Juan Rodriguez (Class of 1994) and Sekou Smith (Class of 1995) are alums that left too soon but had a big imprint on the industry.
June 9, 2022

Remembering two SJI alums: Sekou Smith and Juan Rodriguez

By
Payton Titus

As SJI celebrates its 30th class, it is also remembering two members gone too soon: Sekou Smith and Juan Rodriguez.

Smith, a member of the 1995 class, began his career at The Clarion Ledger and was the Atlanta Hawks beat writer for the Atlanta Journal-Constitution from 2005-2009. In 2009, he started at NBA.com. Smith died in January 2021 after a battle with COVID-19. He was 48.

It’s rare to come across a member of the media as universally loved and respected as Smith. The press room in State Farm Arena, where Smith worked, laughed and cut up with his peers, now bears his name. Many in the sports industry shared their condolences and favorite memories of the late sports reporter after hearing the news of his death. 

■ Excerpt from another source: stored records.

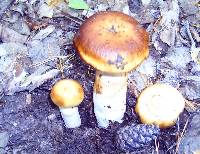 Russula laurocerasi image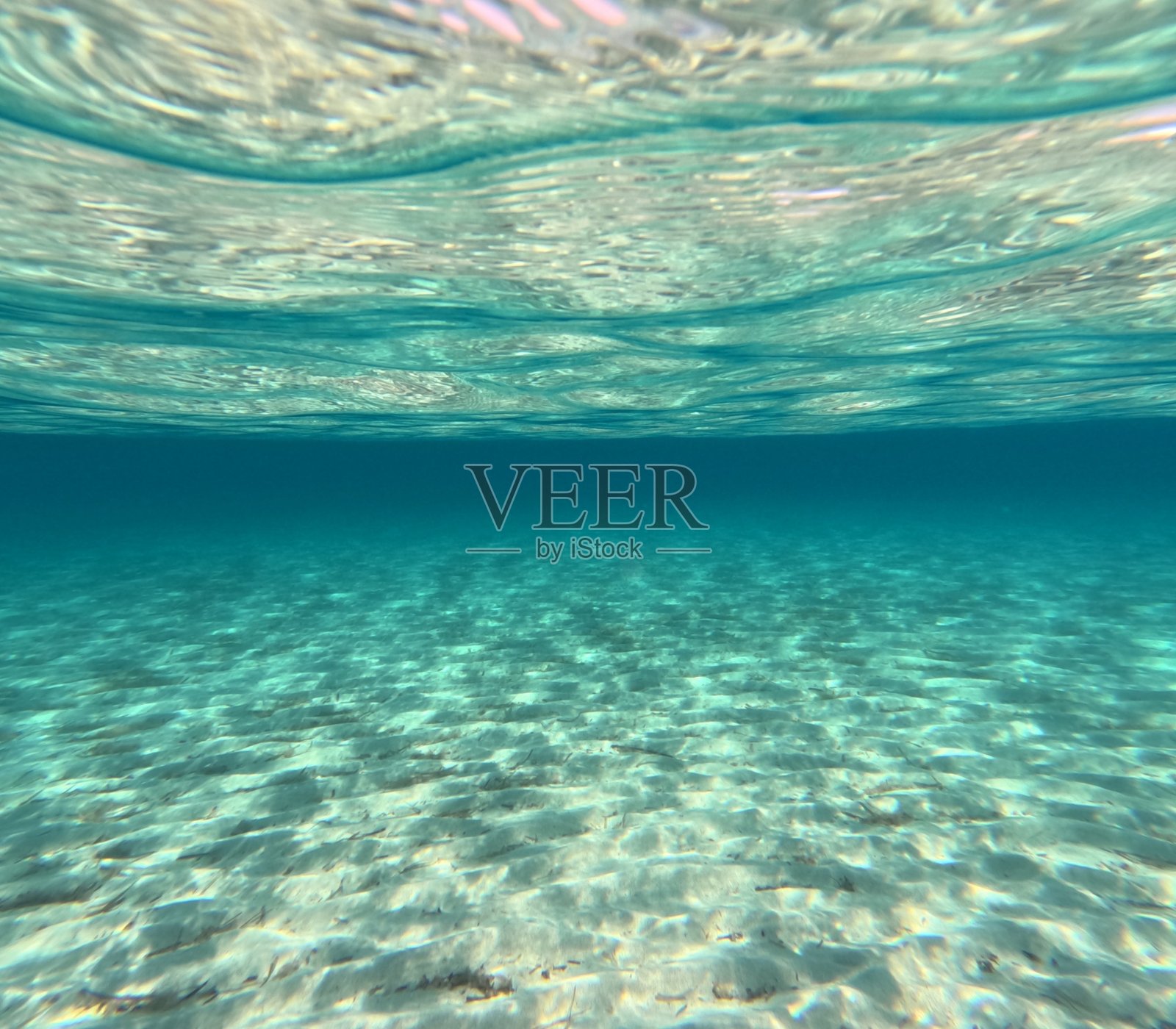 海照片摄影图片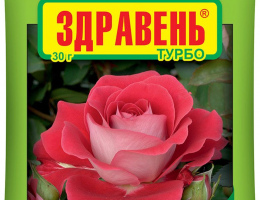 ЗДРАВЕНЬ 30г Роза Бегония Сенполия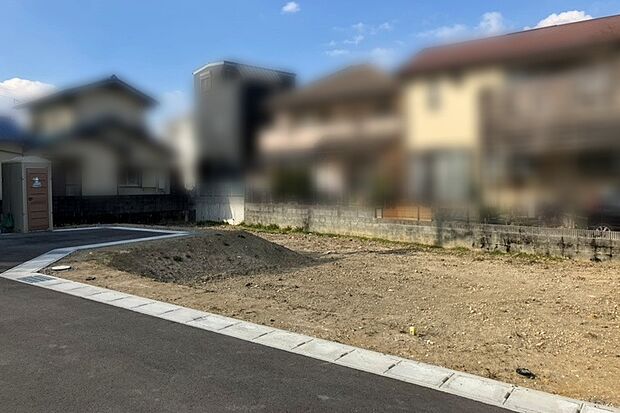 現地写真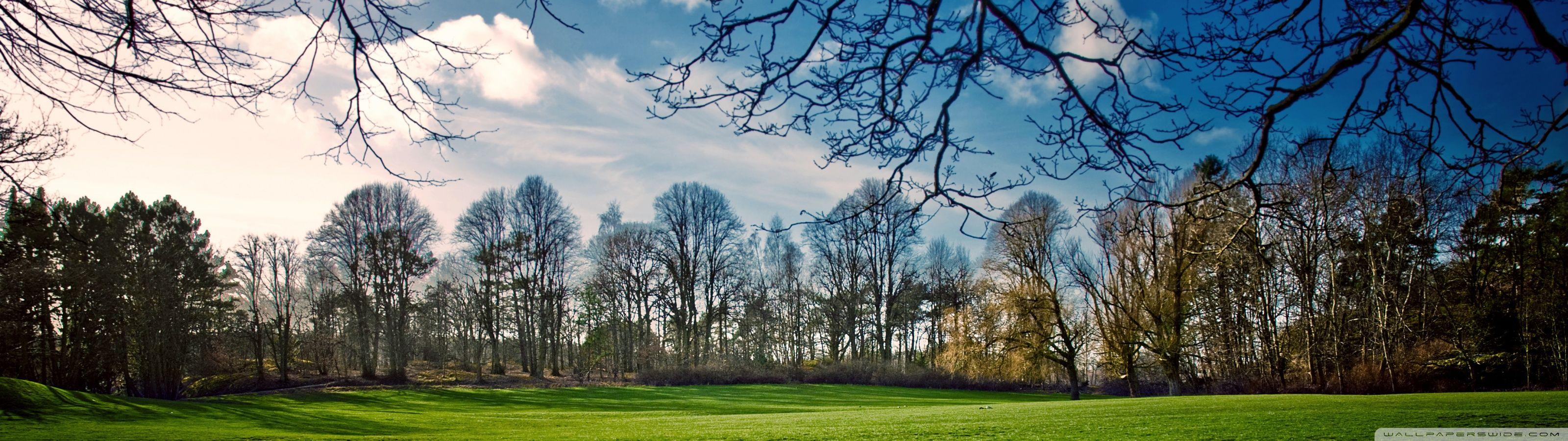 3200x900 Beautiful Meadow, Spring ❤ 4K HD Desktop Wallpaper for • Dual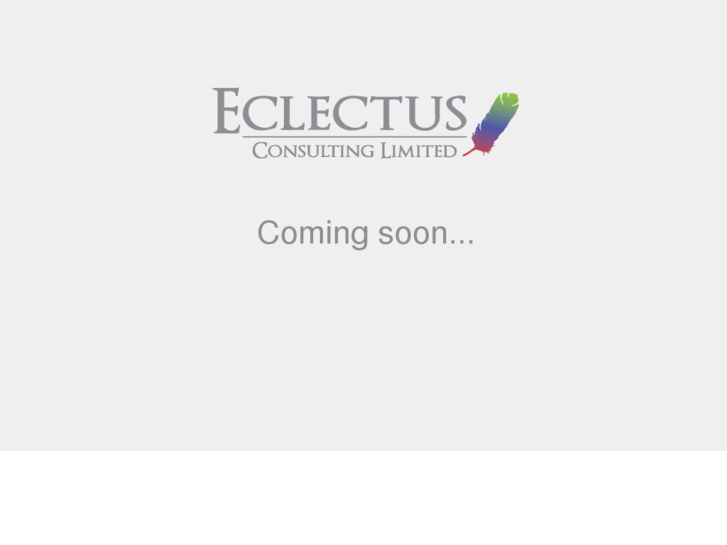 www.eclectusconsulting.com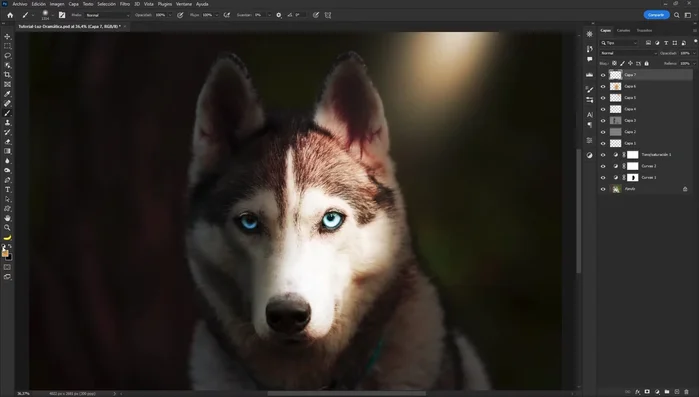 Insertar una imagen de fondo, ajustar su tamaño, posición, modo de fusión ('Trama') y opacidad.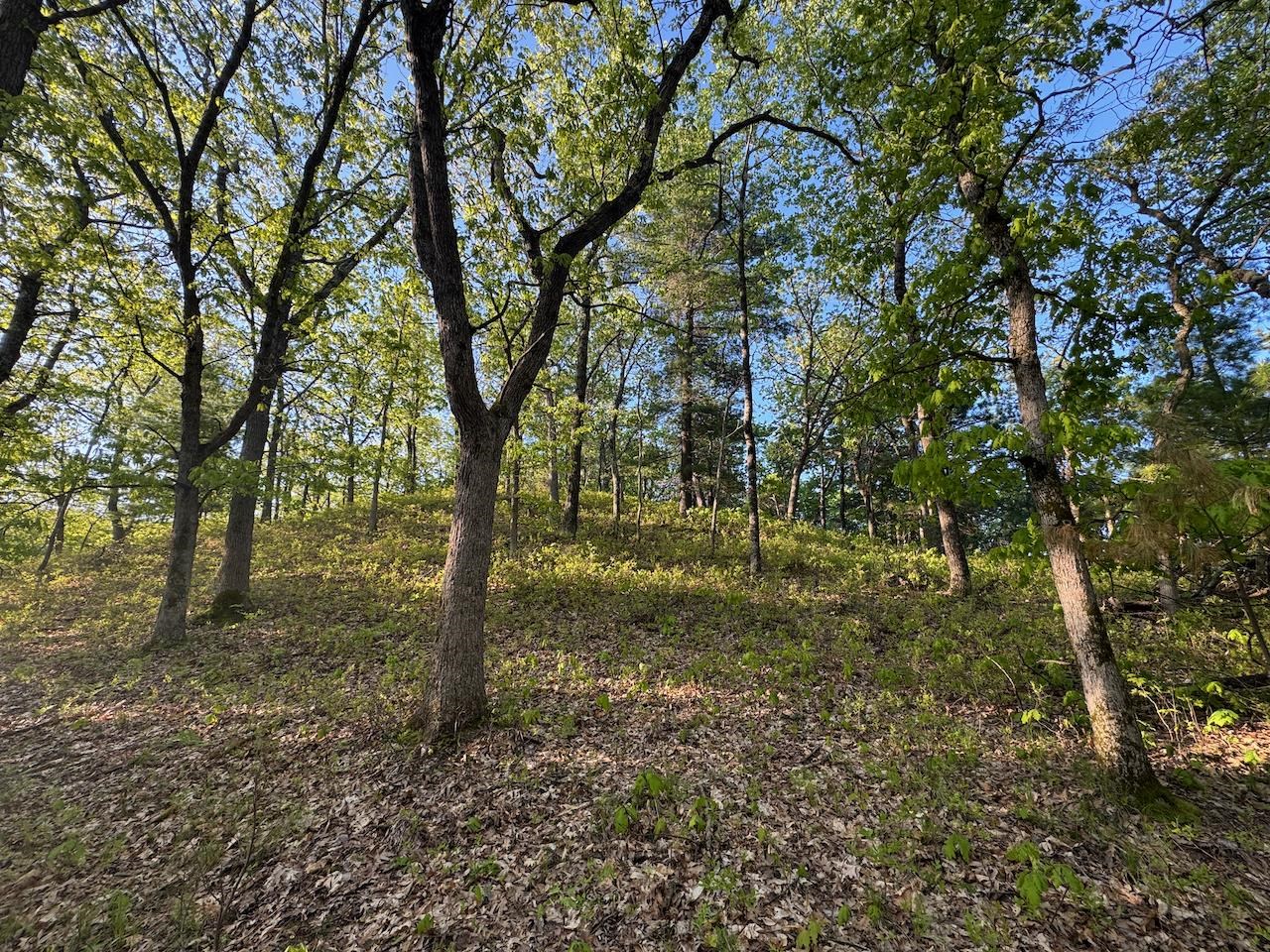 3824 County Highway East Warrens, WI 54666 - Photo 60 of 73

Michael Wright, friend and NBA.com co-worker of Smith’s, said a lot of people who reminisced publicly were young journalists. They mused over Smith’s kind words and stories he critiqued for them. 

“Sekou has always been an advocate for young journalists,” Wright said. “He always made sure he’d get their numbers and made sure they had his number. ‘Call me anytime,’ that type of thing.”

Wright said he thinks Smith would be ecstatic to know his legacy lives on through a SWAC internship with the Atlanta Hawks and a memorial scholarship named in his honor at Jackson State University, his alma mater. (He was “hyped” about Deion Sanders taking over the football program there, Wright said.)

Clement Gibson, also a graduate of Jackson State, was the inaugural Sekou Smith intern for the Atlanta Hawks in 2021. He made a video about his experience, during which he expressed gratitude for the opportunity and the chance to be part of Smith’s legacy.

“Getting a chance to learn more about Sekou Smith and hear about how humble he was, and how hardworking he was and funny he was from the people that loved him the most, is an experience that I will never forget,” Gibson said in the video.

Smith always worked with a hunger, Wright said. He had an insatiable appetite for honing his craft, telling the best story in the best way. Smith recognized this business as one of relationships, so he made sure to never be a stranger. That’s why folks had so much respect for him.

“It’s hard for me to say ‘had,’ because I still love him to death,” Wright said. “Still miss him. So, I don’t like to think of him as gone, but, you know, still with us.”

Friend and NBA.com coworker Lang Whitaker said he knew Smith’s byline before he knew the man. He came to know Smith very well, though, as the two lived together on buses while filming their show “Hang Time Road Trip” for NBA.com. The happy, the sad. The fun, the caring. Whitaker saw into all of it. 

Smith was “dynamic” in every sense of the word, Whitaker said.

A love for baseball, family drove Juan Rodriguez

Rodriguez worked for Florida Today and the Miami Herald before joining the Sun Sentinel in 2002, where he served as the Miami Marlins beat writer. He was a member of SJI’s 1994 class and died in 2016 after a long-fought battle with brain cancer. He was 42.

“He was meant to be in a baseball locker room,” said Julie Engebrecht, Rodriguez’s editor when he interned at the Star Tribune. 

Engebrecht knew Rodriguez as a student at the University of Minnesota. She went to his wedding, and the two always made sure to meet whenever the Marlins came to Minnesota and then Cincinnati after Engebrecht moved there. 

“I appreciated being part of his life at so many different points along the way,” she said. 

Engebrecht, a survivor of breast cancer herself, said she had no idea how Rodriguez managed to balance the grind that is treatment and the grind that is covering MLB. He was first diagnosed in December of 2012 and continued to work, scheduling treatments around his schedule with the Marlins.

Baseball meant so much to Rodriguez.

“That and his family filled him up,” said Kathy Laughlin, Sun Sentinel sports editor who worked with Rodriguez as a copy editor there. 

“While the rest of us were thrashing around with whatever problem, (Rodriguez) would just (with) the least amount of ripples in the water, he just got it done,” Laughlin said.